Capabilities of great lakes

A look at the operation of the company reveal the potential it has that can be ventured into. The first option that the company can pursue is to start the process of switching to the production of unleaded additives. This is highly possible given the financial resources and the good performance of the company in the precious period. The financial capability can also be deduced from the fact that the company is an international organization and therefore makes high turnover (Aguilar, 1967).

Great Lakes Corporation is as well capable of diversifying its operations to cover for the risk that may arise from the legal and other environmental changes. Diversification reduces the risk of loss and increases the return a business derives from its operation. It increases the customer base of the business.

The large variety of chemicals produced by great lakes will enable it derive its income from different markets. In addition, the diverse use of the company’s products as fire suppressors, household cleaners and water treatment products will enable great lakes Corporation to shift its resources should the octet subsidiary faces operational challenges.

Another option that is available to Great Lakes is to form alliances with other firms if it has to quit from the lead additive products. An alliance enables the parties to share the risks and resources including the quality management and to increase their operation size (Kozami, 2002).

If the company is able to identify capable strategic partners, it will increase its ability to penetrate in the market and reduce the losses likely to be experienced in the event of shuts down of the lead production subsidiaries. It will also be feasible for the firm to reduce the costs required in shifting into new operations and make it produce more advanced products.

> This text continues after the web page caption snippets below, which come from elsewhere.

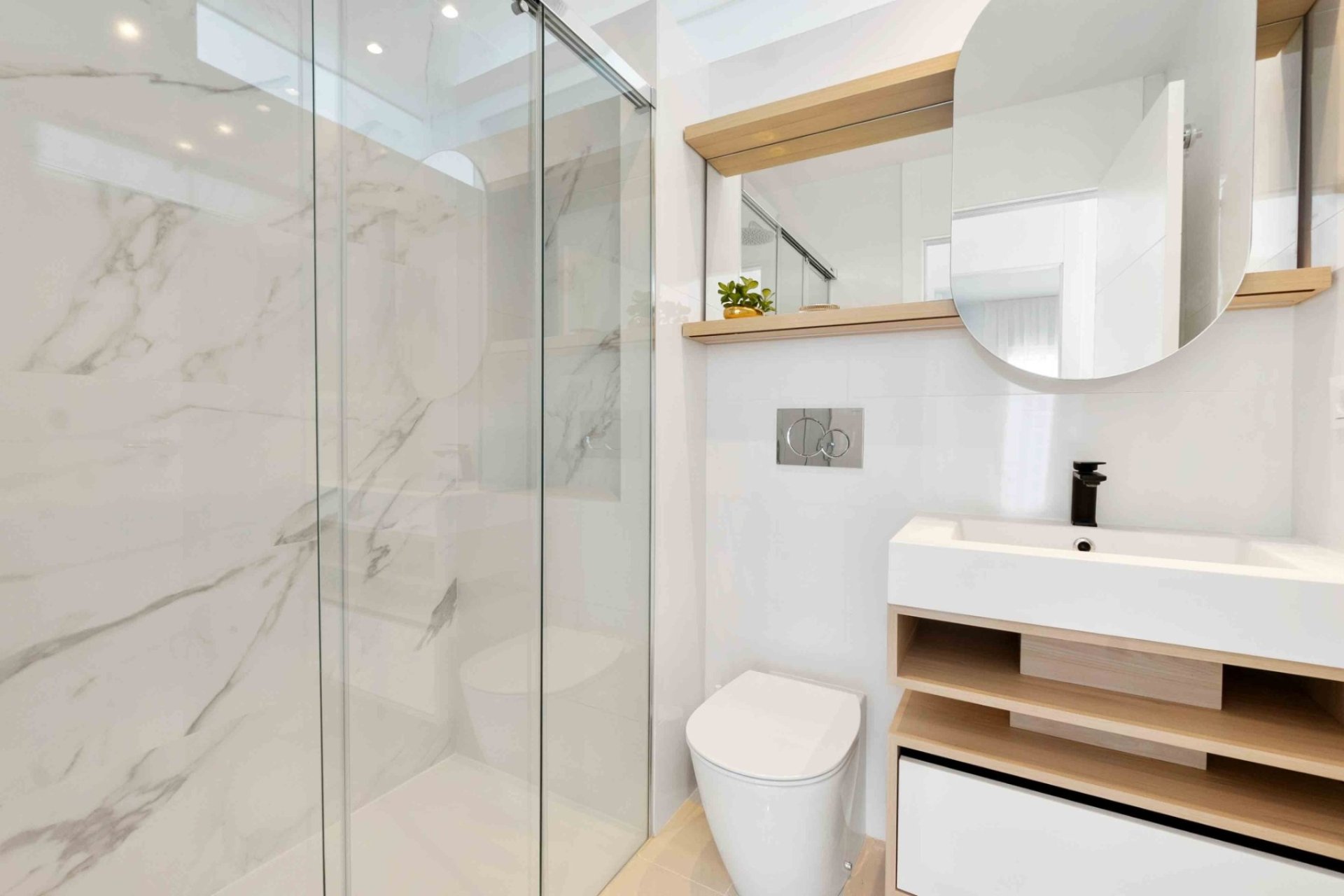 Resale - Apartment -
Ciudad Quesada - Lo Marabú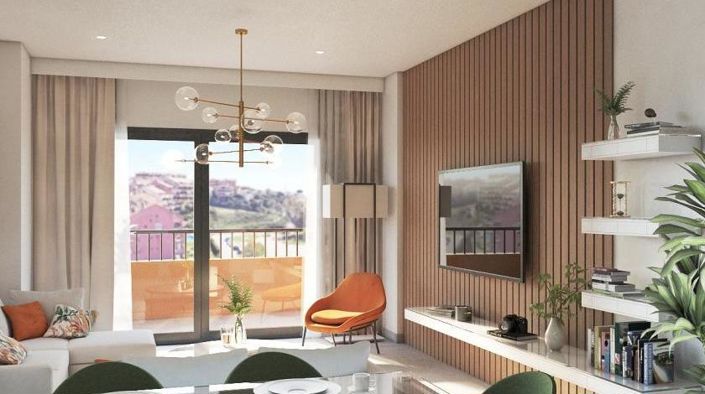 Image No.12-2 Bed Apartment for sale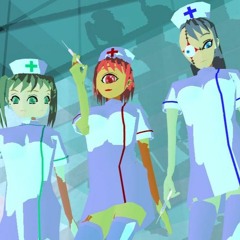 Injection girl - Ikigusare Idols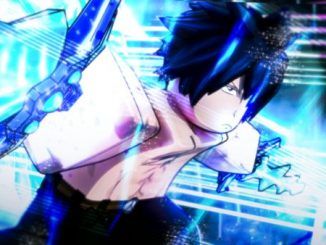 Fairy Tail Magic Era Codes
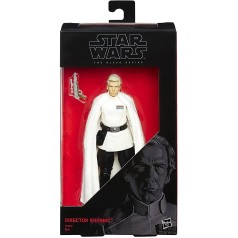 STAR WARS FIGURA BLACK SERIES 27 15 CM DIRECTOR KRENNIC (B9800/B3834)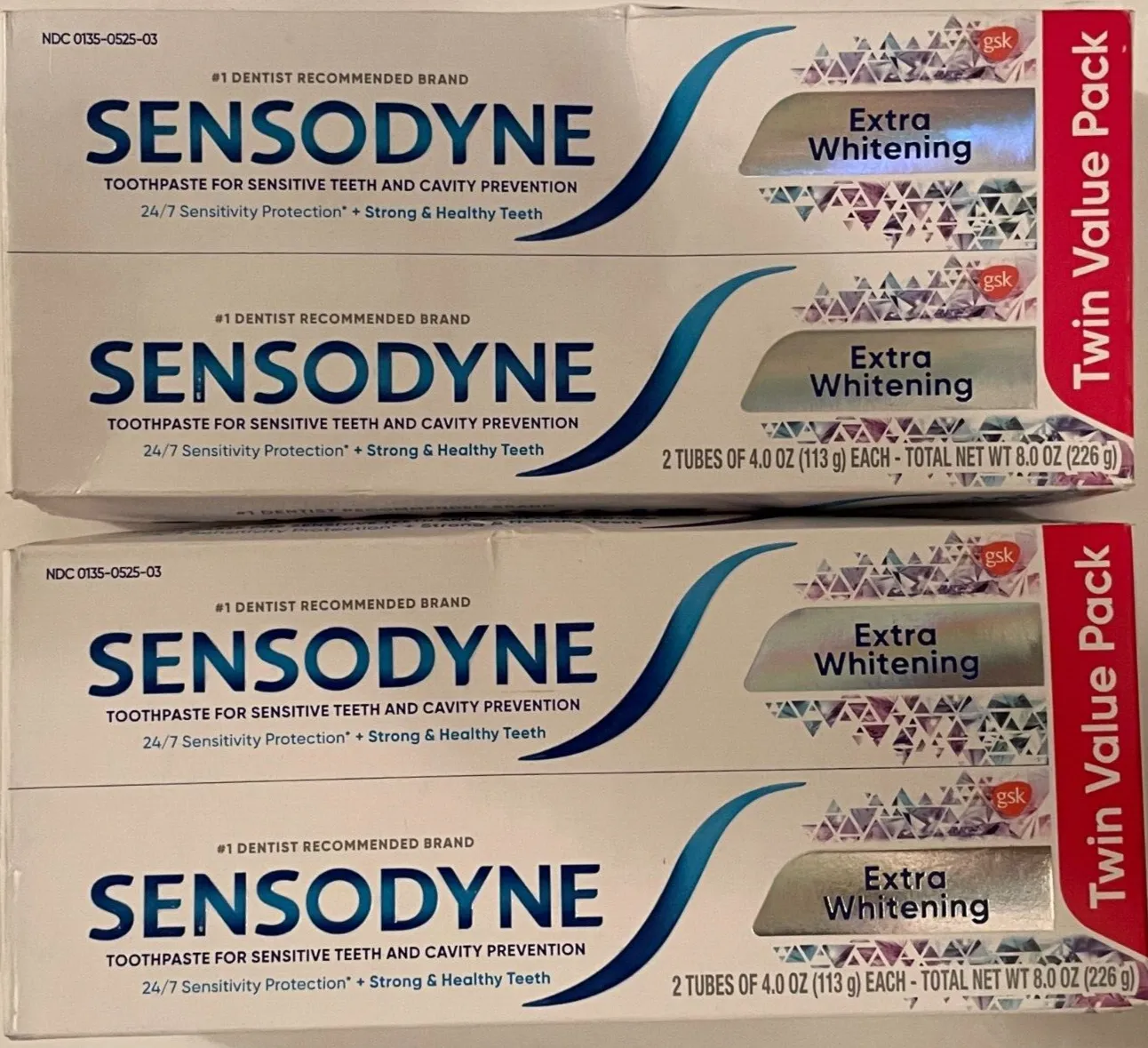 32791 sensodyne whitening test overview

Finally, the management of Great Lakes Corporation can decide to dispose off the risky proportion of its business and use the proceeds in new attractive areas. What needs to be considered here is that the acquirer firms may decide to buy the plants at a low cost. A cost return trade off must thus be made for the company to make the required decision (Porter, 1998).

Conclusion

In conclusion, it is important for any business that aims at furthering its operation and increasing its market share to continuously scan its environment.

Through environment scanning, a business will be in a position to identify its competitor and develop strategies that ensure better performance (Porter, 1998). An organization that fails to conduct proper scanning of the environment will be make unpopular decisions and lose its grip in the industry. Scanning therefore requires a management with conceptual skills rather than technical skills.

The environmental, technical, legal, economic and demographics scanning is therefore called for. The corporation must also adopt the internal scanning techniques that will enable it scan its internal environment and realize its potential. This will reveal factors like the quality of management, financial capability and motivation of the employees.

Reference List

Aguilar, F. J. (1967). Scanning the business environment. Columbia: Macmillan.

Kotler, P. (2006). Marketing Management (2 ed.). New Jersey: Pearson Prentice Hall.

Kozami, A. (2002). Business policy and strategic management (2 ed.). India: Tata McGraw-Hill Education.

Michael, P. E. (1979, May). How Competitive Forces Shape Strategy. Harvard Business Review .

Porter, M. E. (1998). Competitive advantage: creating and sustaining superior performance : with a new introduction. Havard: Simon and Schuster.